What to do:
Would you please output the lines from the one holding "Geometric Kazak Runner Rug" to the end of the entries, exactly and with no others?

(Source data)

[Start of section]

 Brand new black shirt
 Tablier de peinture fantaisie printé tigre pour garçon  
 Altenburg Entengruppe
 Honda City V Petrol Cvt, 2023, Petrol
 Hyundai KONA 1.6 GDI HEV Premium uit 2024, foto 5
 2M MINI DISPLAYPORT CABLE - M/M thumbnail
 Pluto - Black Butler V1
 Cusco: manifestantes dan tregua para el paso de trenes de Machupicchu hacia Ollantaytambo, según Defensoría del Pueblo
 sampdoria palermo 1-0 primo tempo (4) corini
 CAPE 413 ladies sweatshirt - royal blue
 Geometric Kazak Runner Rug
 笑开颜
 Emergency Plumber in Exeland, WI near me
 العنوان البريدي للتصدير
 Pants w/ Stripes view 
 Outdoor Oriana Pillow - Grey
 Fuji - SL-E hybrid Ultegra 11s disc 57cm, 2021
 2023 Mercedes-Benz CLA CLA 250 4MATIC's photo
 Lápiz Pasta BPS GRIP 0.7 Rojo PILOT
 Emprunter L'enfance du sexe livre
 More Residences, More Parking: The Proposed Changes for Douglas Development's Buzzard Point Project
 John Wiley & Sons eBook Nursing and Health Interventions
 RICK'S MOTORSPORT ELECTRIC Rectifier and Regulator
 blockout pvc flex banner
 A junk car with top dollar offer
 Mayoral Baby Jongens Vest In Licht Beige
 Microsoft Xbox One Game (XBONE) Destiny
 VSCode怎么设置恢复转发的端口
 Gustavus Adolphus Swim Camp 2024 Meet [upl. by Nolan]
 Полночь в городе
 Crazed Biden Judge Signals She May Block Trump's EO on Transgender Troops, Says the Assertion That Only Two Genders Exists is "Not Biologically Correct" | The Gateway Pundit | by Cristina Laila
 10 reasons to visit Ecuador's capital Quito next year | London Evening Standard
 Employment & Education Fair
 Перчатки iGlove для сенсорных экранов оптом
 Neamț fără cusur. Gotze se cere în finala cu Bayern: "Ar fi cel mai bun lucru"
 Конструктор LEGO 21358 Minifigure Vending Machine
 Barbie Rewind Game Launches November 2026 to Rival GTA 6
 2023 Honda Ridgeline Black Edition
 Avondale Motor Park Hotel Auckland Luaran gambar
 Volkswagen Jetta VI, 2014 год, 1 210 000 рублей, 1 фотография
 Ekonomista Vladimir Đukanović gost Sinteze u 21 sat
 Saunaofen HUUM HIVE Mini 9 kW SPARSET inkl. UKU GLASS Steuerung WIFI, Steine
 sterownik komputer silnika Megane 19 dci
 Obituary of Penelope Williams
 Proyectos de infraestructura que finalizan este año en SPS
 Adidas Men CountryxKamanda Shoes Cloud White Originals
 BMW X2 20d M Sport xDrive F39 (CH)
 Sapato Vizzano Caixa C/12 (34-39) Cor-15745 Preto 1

[End of section]

Reply to the task:
 Geometric Kazak Runner Rug
 笑开颜
 Emergency Plumber in Exeland, WI near me
 العنوان البريدي للتصدير
 Pants w/ Stripes view 
 Outdoor Oriana Pillow - Grey
 Fuji - SL-E hybrid Ultegra 11s disc 57cm, 2021
 2023 Mercedes-Benz CLA CLA 250 4MATIC's photo
 Lápiz Pasta BPS GRIP 0.7 Rojo PILOT
 Emprunter L'enfance du sexe livre
 More Residences, More Parking: The Proposed Changes for Douglas Development's Buzzard Point Project
 John Wiley & Sons eBook Nursing and Health Interventions
 RICK'S MOTORSPORT ELECTRIC Rectifier and Regulator
 blockout pvc flex banner
 A junk car with top dollar offer
 Mayoral Baby Jongens Vest In Licht Beige
 Microsoft Xbox One Game (XBONE) Destiny
 VSCode怎么设置恢复转发的端口
 Gustavus Adolphus Swim Camp 2024 Meet [upl. by Nolan]
 Полночь в городе
 Crazed Biden Judge Signals She May Block Trump's EO on Transgender Troops, Says the Assertion That Only Two Genders Exists is "Not Biologically Correct" | The Gateway Pundit | by Cristina Laila
 10 reasons to visit Ecuador's capital Quito next year | London Evening Standard
 Employment & Education Fair
 Перчатки iGlove для сенсорных экранов оптом
 Neamț fără cusur. Gotze se cere în finala cu Bayern: "Ar fi cel mai bun lucru"
 Конструктор LEGO 21358 Minifigure Vending Machine
 Barbie Rewind Game Launches November 2026 to Rival GTA 6
 2023 Honda Ridgeline Black Edition
 Avondale Motor Park Hotel Auckland Luaran gambar
 Volkswagen Jetta VI, 2014 год, 1 210 000 рублей, 1 фотография
 Ekonomista Vladimir Đukanović gost Sinteze u 21 sat
 Saunaofen HUUM HIVE Mini 9 kW SPARSET inkl. UKU GLASS Steuerung WIFI, Steine
 sterownik komputer silnika Megane 19 dci
 Obituary of Penelope Williams
 Proyectos de infraestructura que finalizan este año en SPS
 Adidas Men CountryxKamanda Shoes Cloud White Originals
 BMW X2 20d M Sport xDrive F39 (CH)
 Sapato Vizzano Caixa C/12 (34-39) Cor-15745 Preto 1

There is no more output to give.